Dans le champ de la caméra, nous observons le dos d’Héloïse, qui avance d’un pas déterminé vers la falaise et le large, le capuchon couvrant ses cheveux menaçant de tomber à chaque mouvement. Et en contrechamp, Marianne qui la suit de près, les yeux plissés dans l’espoir d’apercevoir un détail de son visage. Le capuchon finit par tomber sur les épaules d’Héloïse, dévoilant une chevelure blonde comme les blés. Elle entame alors une course effrénée vers la falaise. Le calme et la lenteur de la scène se tendent, comme le laisse entendre le bruit, intensifié, des vagues se fracassant contre la falaise. L’inquiétude se dessine sur le visage de Marianne ; la peur qu’Héloïse se jette de la falaise. Mais Adèle Haenel stoppe sa course, brutalement, au bord du vide. Elle est rejointe par une Noémie Merlant essoufflée. La jeune femme rompt alors le silence, le visage toujours tourné vers le large : « Cela fait des années que je rêve de faire ça ! ». « Mourir ? », interroge la jeune peintre. Elle dévoile alors enfin son visage, et répond de manière délicieuse par ce paronyme, annonciateur d’un jeu d’intelligence et de connivence entre deux femmes, égales dans la différence : « Courir. ».

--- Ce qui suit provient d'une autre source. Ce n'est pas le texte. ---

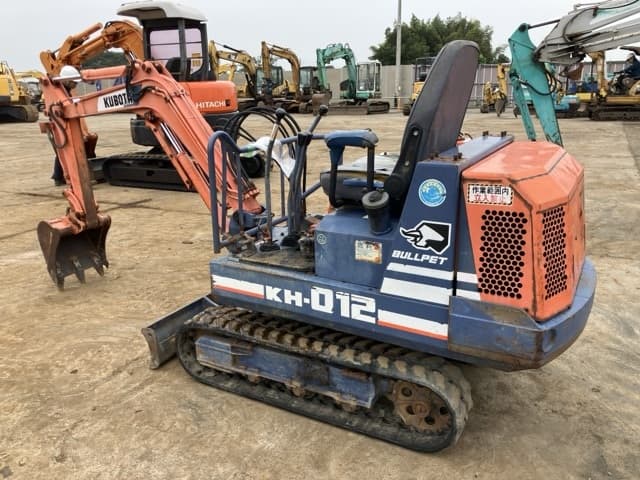 MINI EXCAVATOR — Auction (lot 8462-213)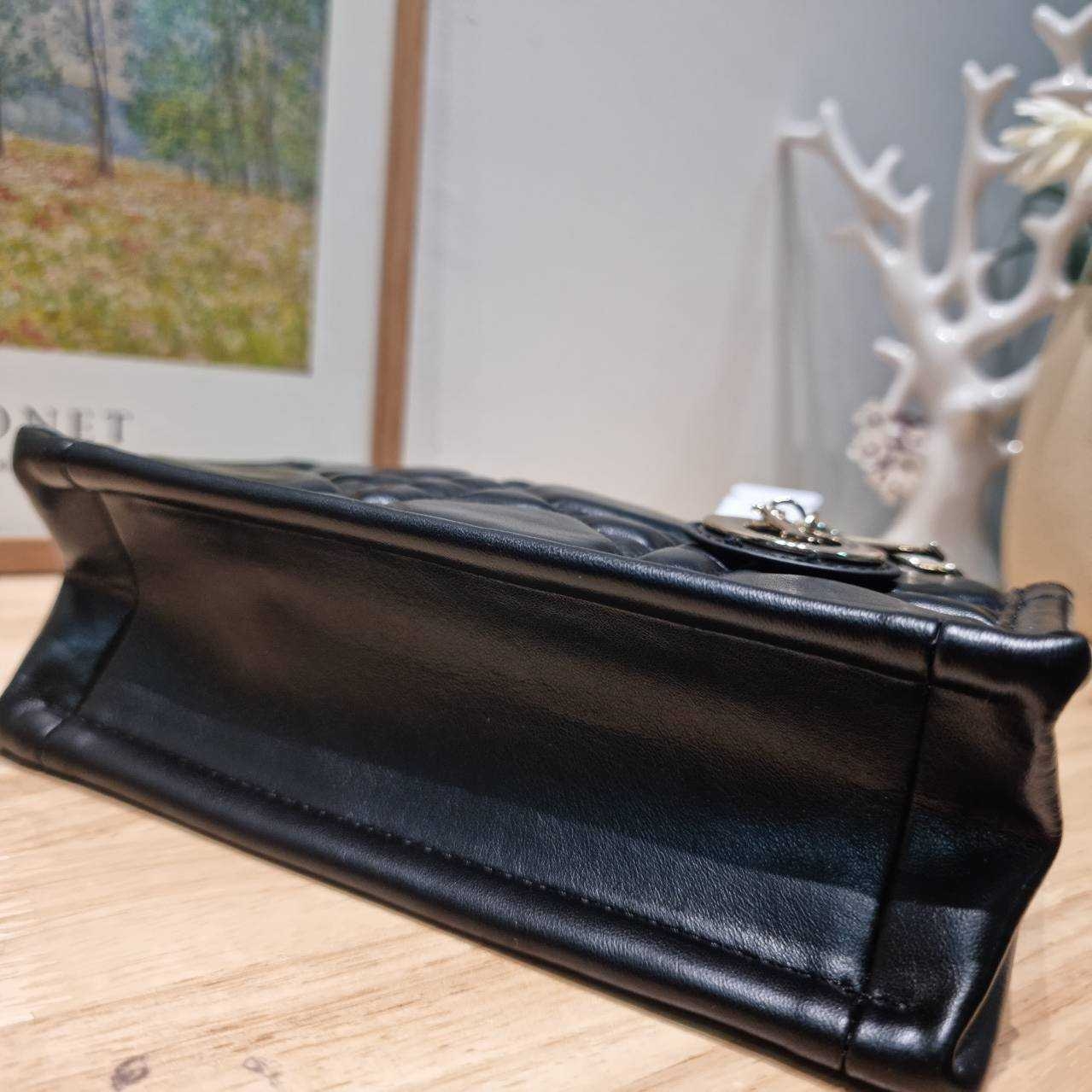 Dior mini book tote macro cannage bag กระเป๋าทรงโท้ทสุดฮิต ไซส์มินิ ดีไซน์ใหม่ หนังสวย พกพาไปไหนก็ได้ คล่องตัวและแมตช์ง่ายสุดๆ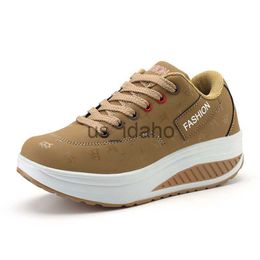 Dress Shoes Women Sneakers Fashion Ladies Platform schoenen plus maat 43 dik opgeloste wandelschoenen dames tennisschoenen J230818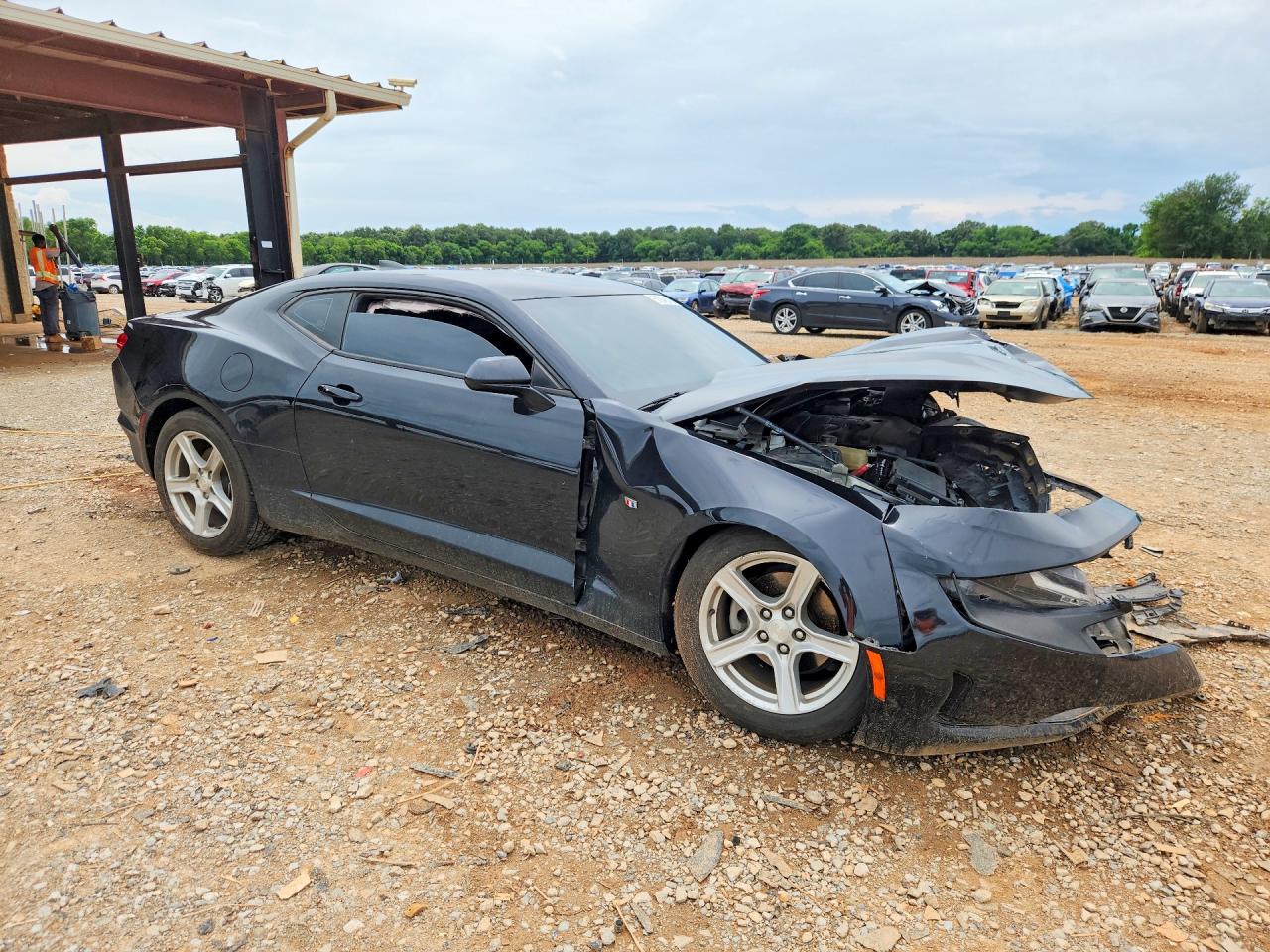 2019 CHEVROLET CAMARO LS — снимка 4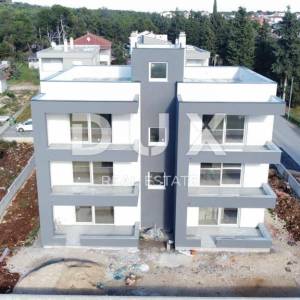 ZADAR, PAKOŠTANE - Moderan stan u novogradnji s vrtom S2
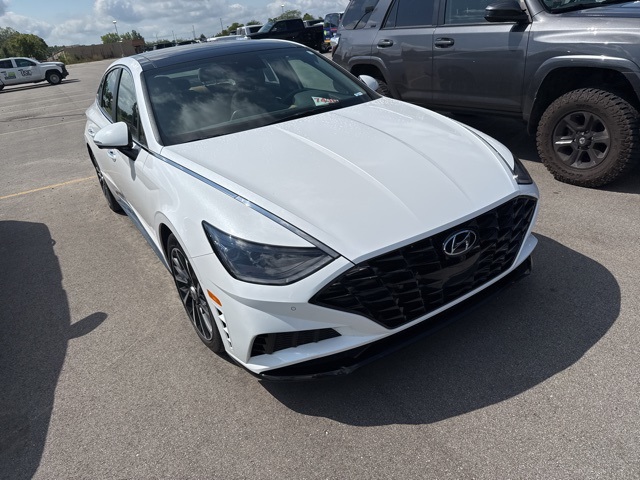 2023 Hyundai Sonata Limited photo 3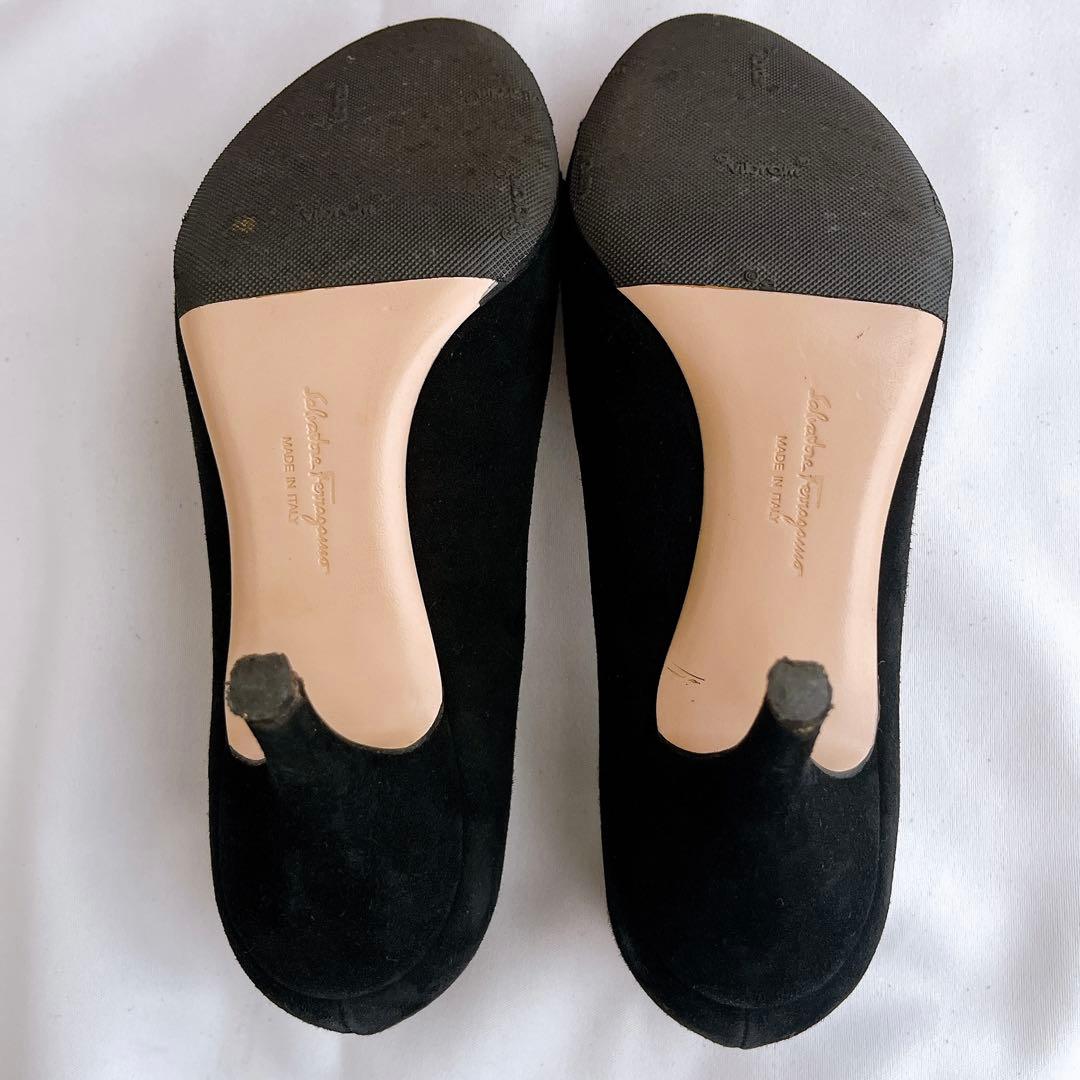 美品 箱 付属品付 フェラガモ ヴァラリボン オープントゥパンプス 23.5 黒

Cette longue séquence subjugue, tant le personnage d’Adèle Haenel rayonne de son mystère et de son désir de liberté. Mais la scène transcende l’aspect émotionnel lorsqu’elle est regardée au prisme du mythe d’Orphée et d’Eurydice, mythe que Céline Sciamma se plaît à réécrire et réinterpréter. Les deux femmes rejouent ainsi, de manière inconsciente, le moment où Orphée se rend aux Enfers récupérer Eurydice. Ce dernier a pour ordre de ne jamais se retourner, sous peine de se voir perdre sa dulcinée une seconde fois. Mais comme tout interdit, il est destiné à être brisé.
En finissant par se retourner, Héloïse condamne, sans même le savoir, le désir qui naît au même moment pour Marianne. Cette scène préfigure l’impossibilité de cet amour dans le temps présent et à venir, mais annonce son éternité dans le souvenir.